Senior ML Engineer – ML/Inference

About the Role

You will lead the deployment, optimization, and lifecycle management of ML models for production inference and agentic systems. You will design and build scalable inference pipelines, implement model serving infrastructure for low latency and high throughput, and tune models using quantization, pruning, and distillation. You will develop and maintain RAG systems and vector database configurations, create CI/CD workflows for model updates, monitor model performance in production, detect drift, and improve reliability and explainability.

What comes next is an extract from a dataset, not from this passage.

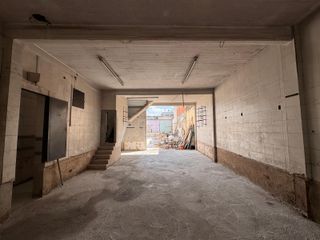 Foto 2 de DEPOSITO  a refaccionar en alquiler -  Villa Crespo -  Mucha Luz - excelente zona
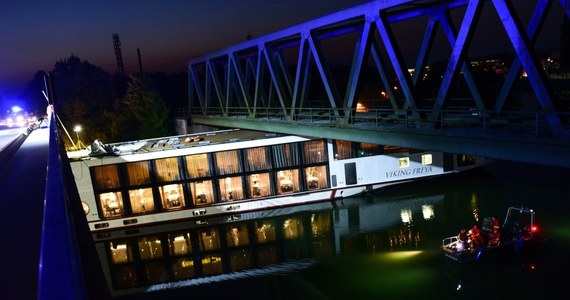 Pływający hotel uderzył w most. Dwie osoby nie żyją, ewakuowano 180 pasażerów - Świat Dwóch członków załogi pływającego hotelu zginęło, gdy w nocy na kanale Men-Dunaj statek uderzył w most - poinformował rano rzecznik policji. Do wypadku doszło w Erlangen w Bawarii.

You will benchmark and evaluate large language and multimodal models and integrate model APIs and agentic frameworks into customer-facing systems.

Requirements

  • 5+ years of experience in applied ML or ML infrastructure engineering
  • Expertise in model serving and inference optimization (e.g., TensorRT ONNX vLLM Triton DeepSpeed)
  • Proficiency in Python and experience building APIs and pipelines with FastAPI PyTorch and Hugging Face tooling
  • Experience designing and tuning RAG systems and working with vector databases (Milvus Weaviate LanceDB pgvector)
  • Solid foundation in MLOps practices including versioning (MLflow DVC) orchestration (Airflow Kubeflow) and monitoring (Prometheus Grafana Sentry)
  • Familiarity with distributed compute systems (Kubernetes Ray Slurm) and cloud ML stacks (AWS SageMaker GCP Vertex AI Azure ML)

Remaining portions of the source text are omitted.